2048 Game AI | Noah Ripstein

The decision tree
AI designs
Markov decision process
The Problem with Bellman’s Equation
Results
- Results of Different Models
Discussion
Future directions
- Parameter optimization
- Dynamic policy switching

2048 is an online/mobile game which was originally released in 2014. The game begins with two randomly placed tiles, each having a value of either 2 or 4, randomly placed on a 4x4 grid. The player can move the tiles in four directions: up, down, left, or right. When a direction is chosen, all tiles on the grid slide as far as possible in that direction, merging with any adjacent tiles of the same value to form a new tile with double the value. The value of the new tile is added to the score. After the player’s turn, a new tile spawns in a random location; this new tile has a 90% chance of being a 2, and a 10% chance of being a 4. The game ends when the board is filled with tiles and the player has no legal moves. The goal of the game is to combine tiles until the 2048 tile is reached (although it is possible to continue playing after winning).

I first implemented A Pure Monte Carlo Tree Search algorithm, and then improved performance by formalizing the game’s state tree as a Markov Decision Process. The final algorithm I designed achieves the 2048 tile 97% of the time and the 4096 tile 58% of the time.

Original Game

My Python Clone

Screenshots from original game and my implementation

The decision tree

Figure 1: Decision tree representing possible board states after each move

One of the challenges of creating an AI which plays 2048 is the sheer number of possible games. Figure 1 represents the possible board positions after the player makes only one move. If there are 8 free spaces on the board, for example, then there are 64 possible game states after the player’s move (assuming each of left, right, up and down are legal moves which do not combine any tiles). In general, there are 2(|S|)(m) + c possible states after the player’s move, where |S| is the number of legal moves, m is the number of empty spaces on the board after tiles have been combined from the player’s turn, and c is the number of tiles which get merged as a result of the player’s move.

AI designs

The initial algorithm I developed is a simple Pure Monte Carlo Tree Search (Algorithm 1). This algorithm takes the current game position and the desired number of simulations per direction ($n$) as inputs. It explores all legal next moves from the current position by simulating $n$ games for each potential move. Each of these simulated games is played by making random moves until the game is over. The scores from the end of these simulated games are then averaged to determine the quality of each move. The direction with the highest average score is selected:

\begin{equation} \text{Selected move} = argmax_{move}(PMTCS(move)) \end{equation}

This approach initiates from the green nodes in the game tree diagram (Fig. 1). From there, the algorithm proceeds through random exploration to reach the red child nodes, representing the spawning of a 2 or 4 tile in each possible location.
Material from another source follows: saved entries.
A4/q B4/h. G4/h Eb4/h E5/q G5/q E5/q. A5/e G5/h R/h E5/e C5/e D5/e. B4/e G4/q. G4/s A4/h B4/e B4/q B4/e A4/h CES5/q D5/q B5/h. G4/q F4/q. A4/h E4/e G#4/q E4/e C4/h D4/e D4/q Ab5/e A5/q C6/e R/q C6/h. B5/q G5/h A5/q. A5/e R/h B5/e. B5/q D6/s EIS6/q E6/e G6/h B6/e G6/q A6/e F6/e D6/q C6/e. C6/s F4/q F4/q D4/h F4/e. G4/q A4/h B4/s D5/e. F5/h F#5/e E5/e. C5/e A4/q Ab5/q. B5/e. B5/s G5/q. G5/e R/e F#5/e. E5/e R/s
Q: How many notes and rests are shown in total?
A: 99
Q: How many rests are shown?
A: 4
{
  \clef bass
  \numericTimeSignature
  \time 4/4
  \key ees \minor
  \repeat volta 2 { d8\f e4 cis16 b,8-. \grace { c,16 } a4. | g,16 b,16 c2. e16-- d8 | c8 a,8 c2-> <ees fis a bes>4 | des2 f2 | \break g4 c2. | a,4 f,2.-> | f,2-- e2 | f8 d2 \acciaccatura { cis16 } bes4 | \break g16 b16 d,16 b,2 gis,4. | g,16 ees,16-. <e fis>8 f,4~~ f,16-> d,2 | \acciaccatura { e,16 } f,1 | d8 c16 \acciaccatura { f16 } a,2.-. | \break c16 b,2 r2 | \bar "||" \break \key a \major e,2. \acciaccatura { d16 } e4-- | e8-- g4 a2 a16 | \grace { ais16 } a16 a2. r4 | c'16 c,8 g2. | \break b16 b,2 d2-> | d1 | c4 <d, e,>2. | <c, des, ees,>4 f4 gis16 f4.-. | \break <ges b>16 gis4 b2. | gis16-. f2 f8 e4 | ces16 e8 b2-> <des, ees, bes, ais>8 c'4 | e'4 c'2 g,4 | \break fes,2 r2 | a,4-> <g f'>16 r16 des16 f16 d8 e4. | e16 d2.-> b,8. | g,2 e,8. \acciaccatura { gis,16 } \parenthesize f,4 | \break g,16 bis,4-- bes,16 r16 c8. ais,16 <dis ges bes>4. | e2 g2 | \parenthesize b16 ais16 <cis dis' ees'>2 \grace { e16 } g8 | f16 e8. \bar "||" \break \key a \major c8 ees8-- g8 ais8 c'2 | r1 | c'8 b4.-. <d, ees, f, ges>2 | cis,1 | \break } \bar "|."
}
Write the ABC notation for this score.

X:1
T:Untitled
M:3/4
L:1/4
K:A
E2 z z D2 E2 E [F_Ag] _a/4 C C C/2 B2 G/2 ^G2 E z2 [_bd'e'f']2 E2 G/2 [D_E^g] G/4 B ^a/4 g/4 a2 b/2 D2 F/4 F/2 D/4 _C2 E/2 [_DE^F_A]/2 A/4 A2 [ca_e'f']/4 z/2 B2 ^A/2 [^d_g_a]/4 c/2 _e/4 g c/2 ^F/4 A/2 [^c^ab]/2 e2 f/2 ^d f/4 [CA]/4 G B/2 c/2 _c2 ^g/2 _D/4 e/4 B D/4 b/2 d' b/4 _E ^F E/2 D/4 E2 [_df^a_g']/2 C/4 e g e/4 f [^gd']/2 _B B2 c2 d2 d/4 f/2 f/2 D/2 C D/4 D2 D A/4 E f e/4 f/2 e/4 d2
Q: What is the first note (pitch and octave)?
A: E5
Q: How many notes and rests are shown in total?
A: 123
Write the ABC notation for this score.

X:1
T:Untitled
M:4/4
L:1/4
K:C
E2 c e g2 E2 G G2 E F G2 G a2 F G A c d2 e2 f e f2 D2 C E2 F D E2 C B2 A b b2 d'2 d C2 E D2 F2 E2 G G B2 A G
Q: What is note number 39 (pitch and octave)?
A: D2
While this approach provides a comprehensive exploration of the game tree, it has significant limitations. The primary concern lies in the random nature of the search process. As a consequence, some of the simulated games performed during the Monte Carlo simulations may yield exceptionally poor results that are highly unlikely to occur in actual gameplay. This lead me to want to discard a portion of those simulated games with particularly poor scores from consideration.

Simply modifying Algorithm 1 to calculate the average score for a given move using only top-performing of simulated games would not adequately address this source of randomness, however. There are two sources of randomness inherent in the Pure Monte Carlo Tree Search: randomness associated with game-play (which I aim to reduce), and randomness of tile spawns. Discarding randomly played games with low scores in an attempt to address the former source of randomness might prevent the AI from evaluating branches of the tree which involve unlucky tiles spawning after the next turn.

Markov decision process

Some of the pitfalls of the Pure Monte Carlo Tree Search can be circumvented by formalizing the game structure as a Markov Decision Process (MDP). The core functionality of the MCTS is used as part of the MDP-based strategy, but the evaluations made with MCTS are made more beneficial by explicitly maximizing expected value. Where the PMCTS algorithm begins Monte Carlo simulations from the board state after a player’s move (green nodes in Figure 1), The MDP strategy begins Monte Carlo simulations from each possible tile spawn in response to a player’s move (red nodes in Figure 1). It is possible to model the game as a Markov decision process because the game satisfies the Markov property: the probability of reaching a future state depends only on the current state, not on previous states:

\[P(s|s_{n-1}, s_{n-2},...,s_{0}) = P(s|s_{n-1})\]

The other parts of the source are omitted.